EXERCISE DETAILS — The whole listing, exactly as given: write it out, leaving out each image.

SUPPLIED INFORMATION —
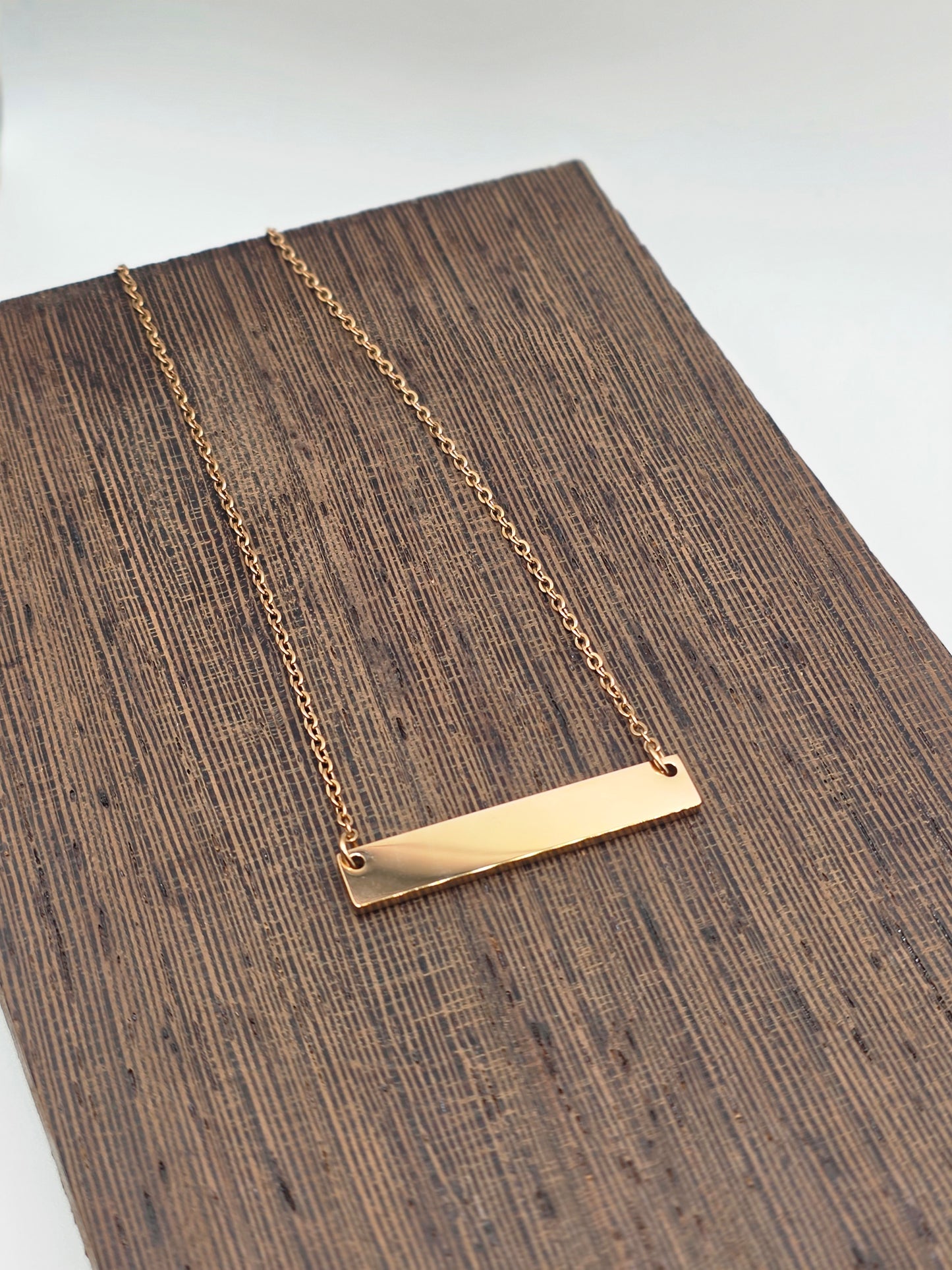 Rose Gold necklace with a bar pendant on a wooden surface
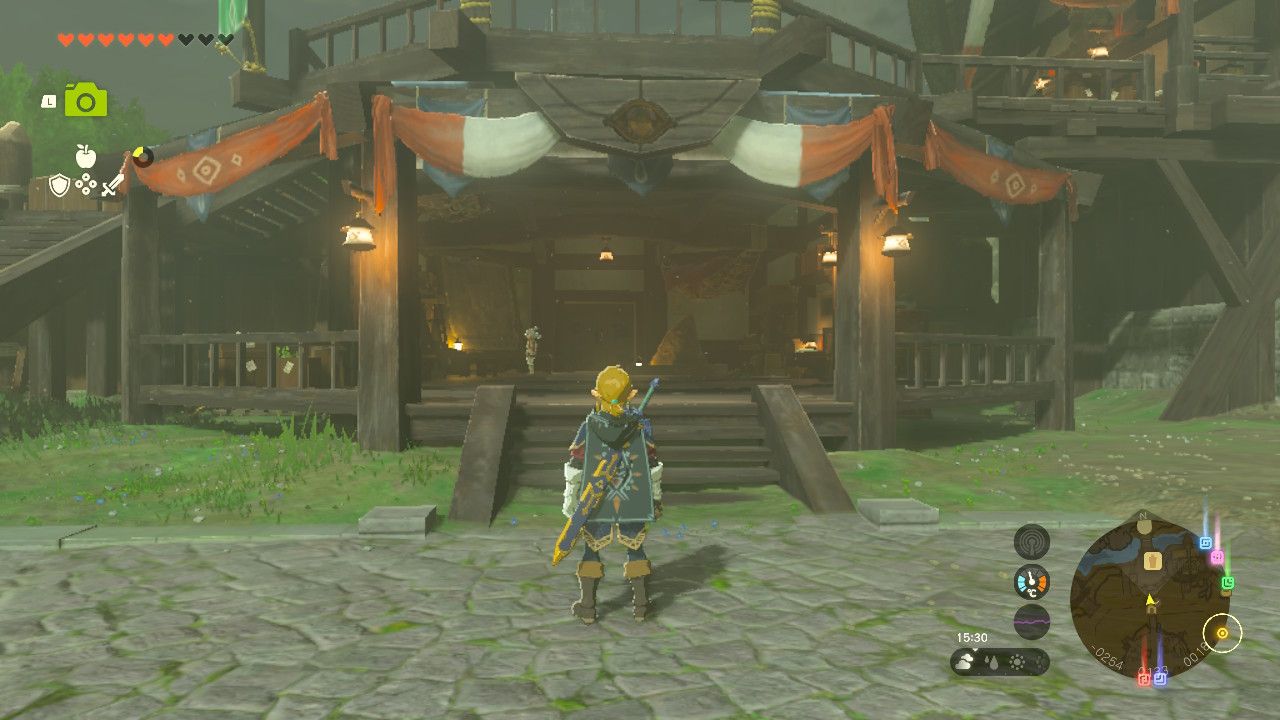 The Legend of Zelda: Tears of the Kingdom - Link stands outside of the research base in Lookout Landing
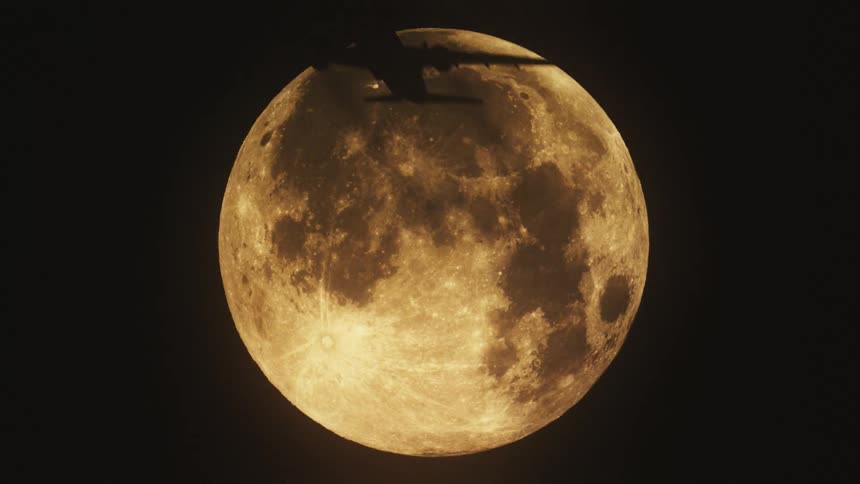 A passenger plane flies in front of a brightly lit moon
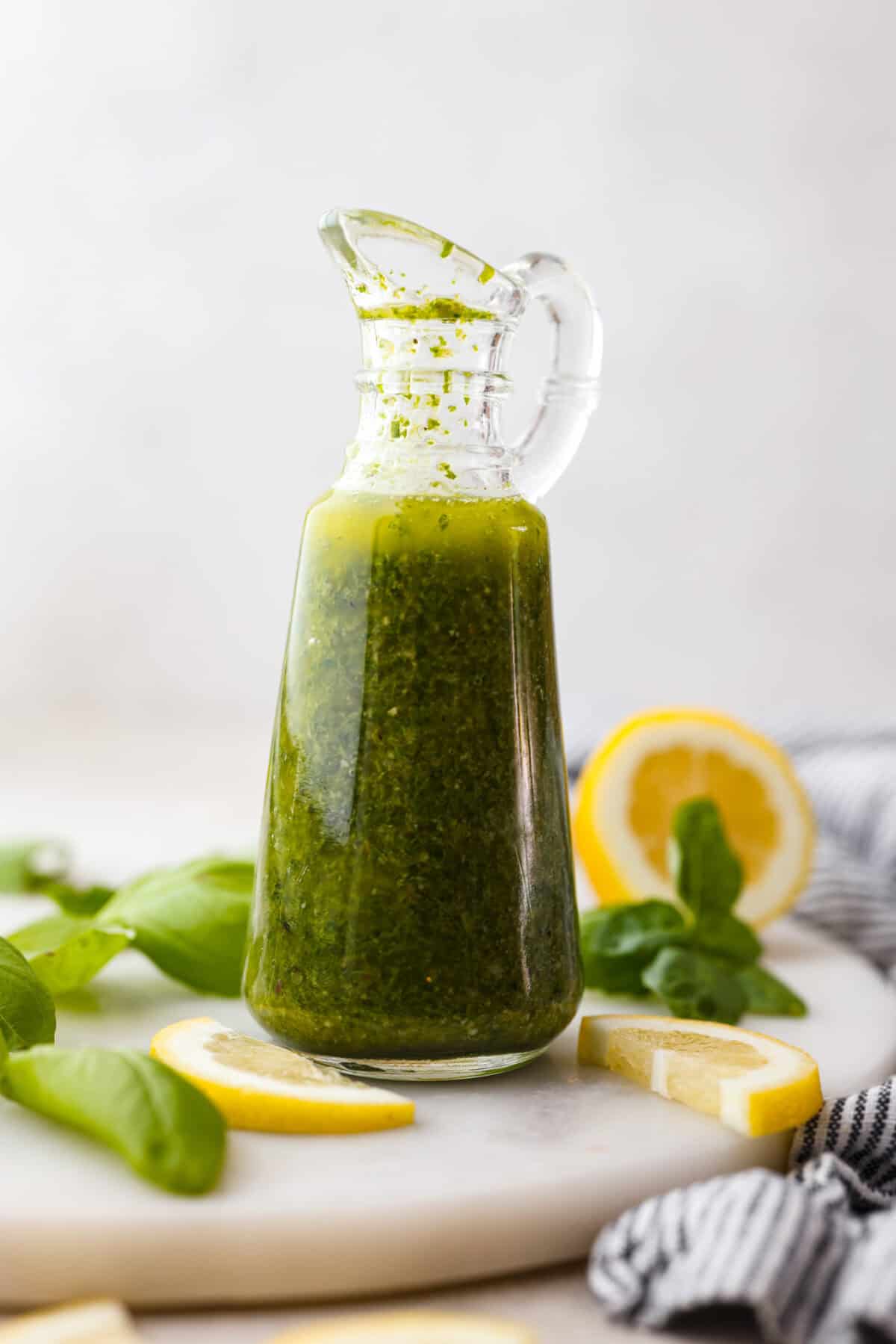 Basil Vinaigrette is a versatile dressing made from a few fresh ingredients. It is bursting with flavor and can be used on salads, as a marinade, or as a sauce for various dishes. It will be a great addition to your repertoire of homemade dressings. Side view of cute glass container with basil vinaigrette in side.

FINAL ANSWER —
 Rose Gold necklace with a bar pendant on a wooden surface
 The Legend of Zelda: Tears of the Kingdom - Link stands outside of the research base in Lookout Landing
 A passenger plane flies in front of a brightly lit moon
 Basil Vinaigrette is a versatile dressing made from a few fresh ingredients. It is bursting with flavor and can be used on salads, as a marinade, or as a sauce for various dishes. It will be a great addition to your repertoire of homemade dressings. Side view of cute glass container with basil vinaigrette in side.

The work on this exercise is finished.